The apex court heard and decided both appeals together.

Manisha Singh and Nisha Sharma, lawyers with the law firm LexOrbis, explained in their article in Mondaq that the Supreme Court had examined the source of power of the state legislature as well as Parliament to enact a law dealing with the subject at hand — that is, moneylending, and incorporation and regulation of financial corporation: “The subject related to incorporation, regulation and winding up of financial corporation falls in entry No. 43 in list-I (Union List) of the seventh schedule of the Constitution. And the subject related to moneylending and moneylenders falls in entry No. 30 in list-II (State List) of the seventh schedule of the Constitution. Therefore, the Court held that the competence of legislature of the state government to enact a law to regulate business of moneylending cannot be questioned as their power is traceable to Entry 30 in list-II of the seventh schedule.”

The Supreme Court felt that chapter-III of the RBI Act "is a complete code in itself”; it provides a supervisory role for the RBI over the functioning of NBFCs, from registration to winding up.

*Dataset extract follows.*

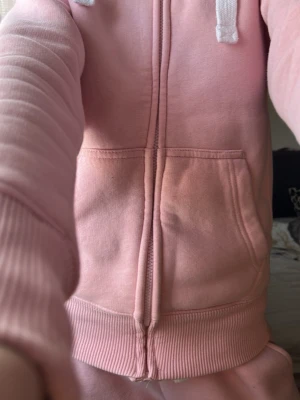 Ljusrosa russemerch hoodie - Snygg ljusrosa hoodie med dragkedja framtill och vita snören i huvan. Hoodien har känguruficka och ribbade muddar vid ärmslut och nederkant. Perfekt för en avslappnad och chill stil. Tillverkad i mjukt bomullsmaterial.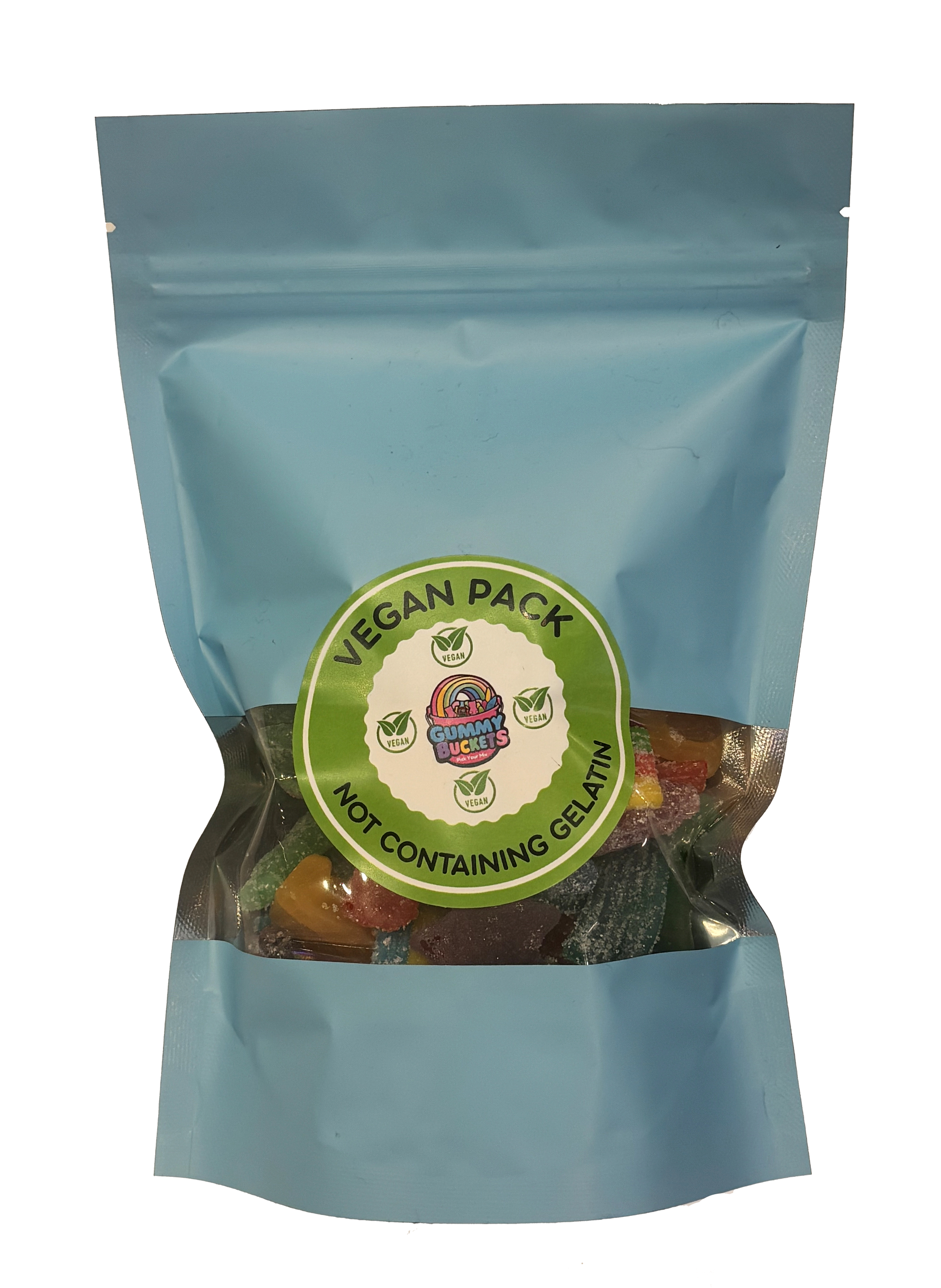 A light blue resealable stand-up pouch with a large clear window showing a dark, rich assortment of vegan gummy candies including bears, cola bottles, and fruit shapes in deep red, black, yellow, and green inside. A round green label on the front reads 'VEGAN PACK' and 'NOT CONTAINING GELATIN' with the Gummy Buckets logo surrounded by four green vegan leaf certification icons in the center.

It observed that the question was not whether there was repugnancy or not. Applying the ‘doctrine of eclipse’, it held that the state law may continue to exist, but stands eclipsed by the central law. It referred to Deep Chand vs State of UP and observed that the moment Parliament stepped in to codify the law related to registration and regulation of NBFCs, by inserting provisions in chapter IIIB of the RBI Act, it would cast a shadow on the applicability of the Money Lenders Act enacted by the state governments.

Repugnancy

On the applicability of Article 254 of the Constitution, the Court, while relying on the judgement in Innoventive Industries Limited vs ICICI Bank and Another, observed that the question of repugnancy under Article 254 does not arise once it is established that the RBI Act is traceable to an entry in list-I, and state enactment is traceable to an entry in list-II. Instead, the Court took recourse to the non-obstante clause of Article 246(1) and observed that the RBI Act, being a parliamentary legislation, is in a dominant provision.

Conflict

The Court also observed the conflict between the two Acts inasmuch as the Money Lenders Act empowered the debtor under section 8(1) to deposit into a civil Court the money due to the moneylender. And section 8(2) empowers the civil Court to pass orders recording full or part satisfaction of the loan. But, to the contrary, certain NBFCs are entitled to enforce security interest without the intervention of civil courts and the remedy of the borrower (debtor) lies only before the Debt Recovery Tribunal and, in such cases, the jurisdiction of civil courts is also barred, note Singh and Sharma. Therefore, the argument of the state that the provisions of Articles 246 and 254 cannot be invoked, since there is no conflict between them, was rejected.